---------- Given data ----------

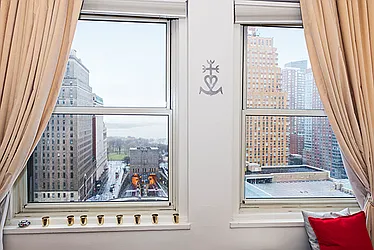Rented by R New York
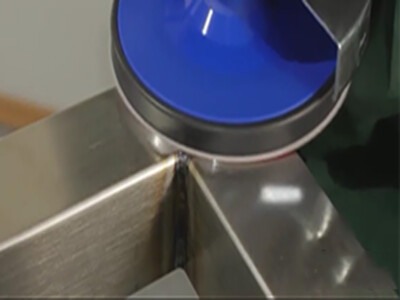 Stainless steel flat surface grinding after welding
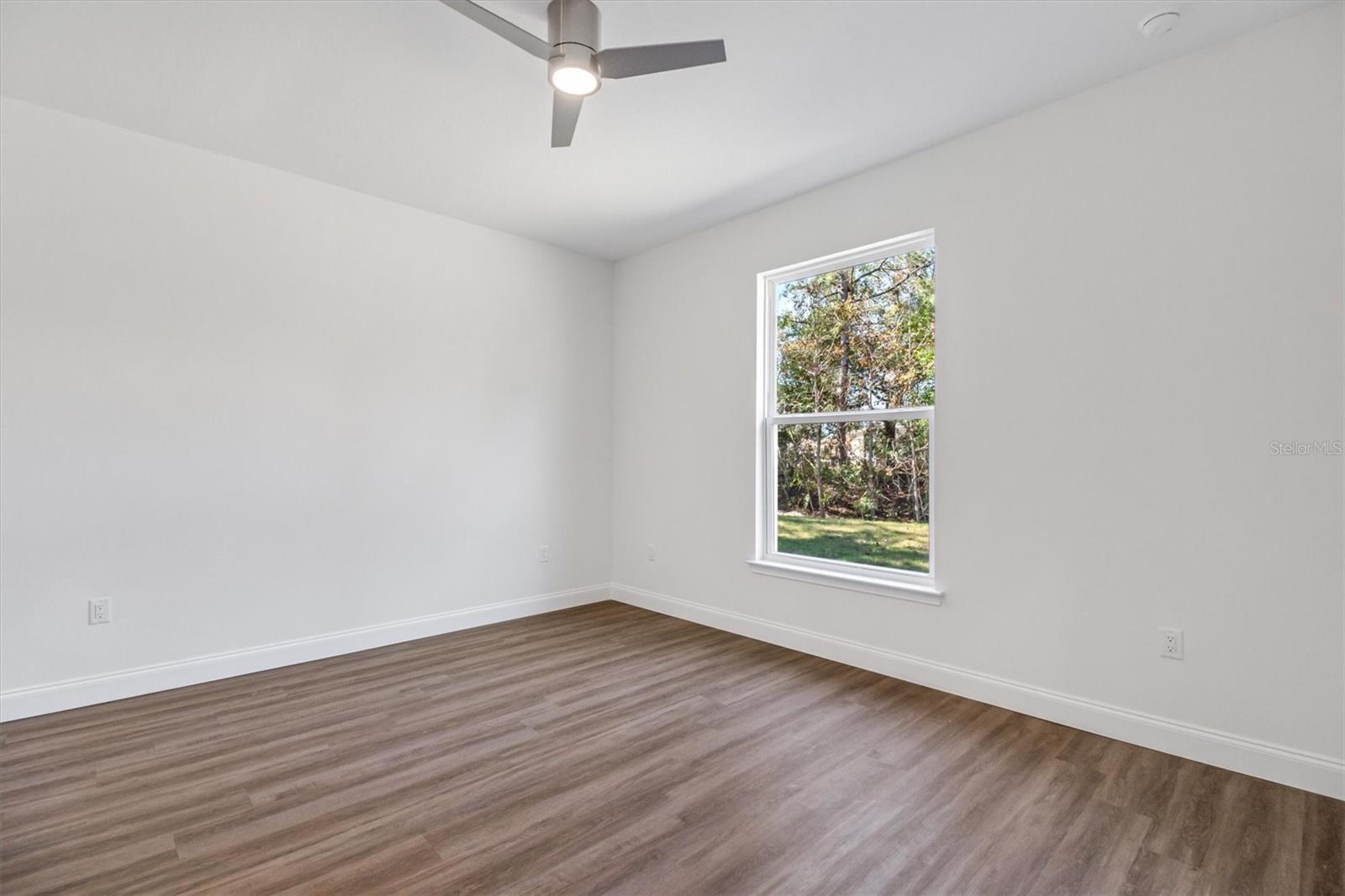 Image 12 of 24 For 52 Pershing Lane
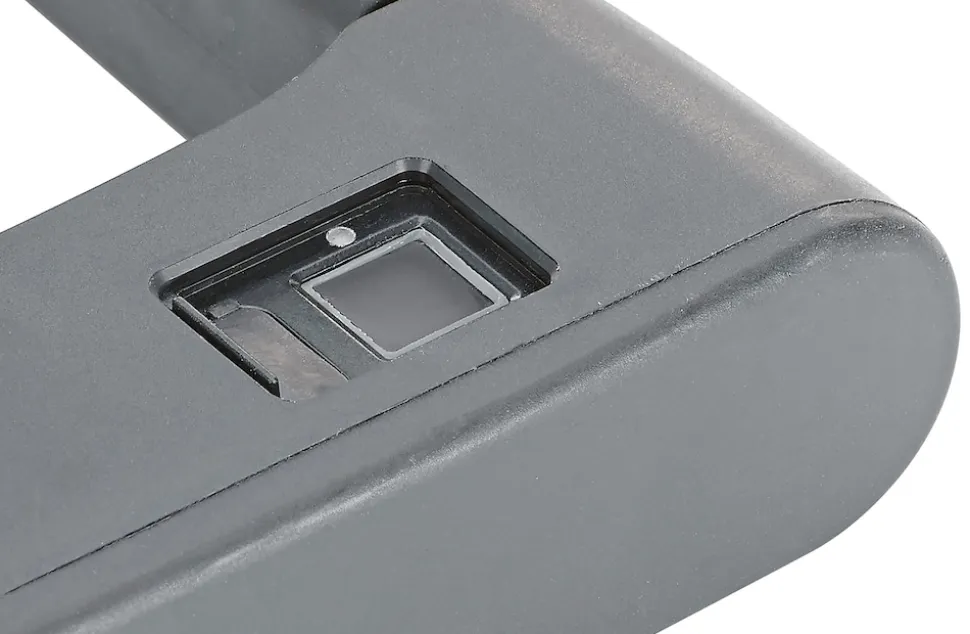 Bügelschloss mit Fingerabdrucksensor, inkl. 2 Laser-Cut Schlüssel, inkl. Li-Ionen Akku, aufladbar per USB-C, inkl. Rahmenhalterung, Gummiummantelung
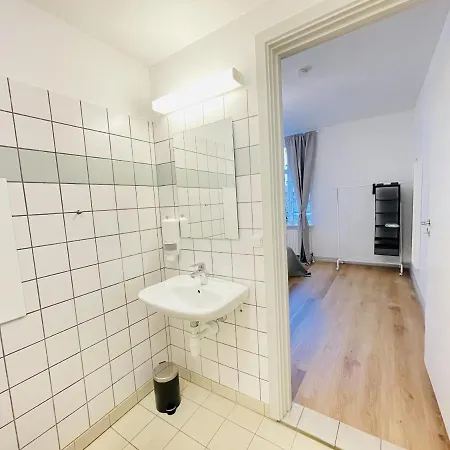 Aday - The Swanky Apartment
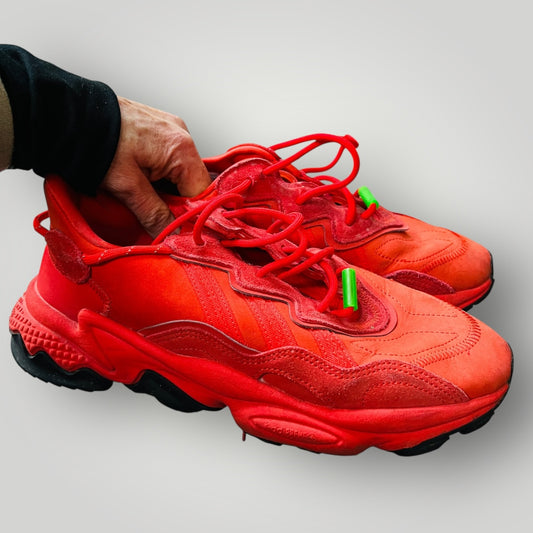 ADIDAS / Ozweego / red / 42.5 Shoes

----------

Work required: Write out the lines above from the one with "Image 12 of 24 For 52 Pershing Lane" through the one with "Aday - The Swanky Apartment", ends included, exactly; no picture goes in.

Written answer:
 Image 12 of 24 For 52 Pershing Lane
 Bügelschloss mit Fingerabdrucksensor, inkl. 2 Laser-Cut Schlüssel, inkl. Li-Ionen Akku, aufladbar per USB-C, inkl. Rahmenhalterung, Gummiummantelung
 Aday - The Swanky Apartment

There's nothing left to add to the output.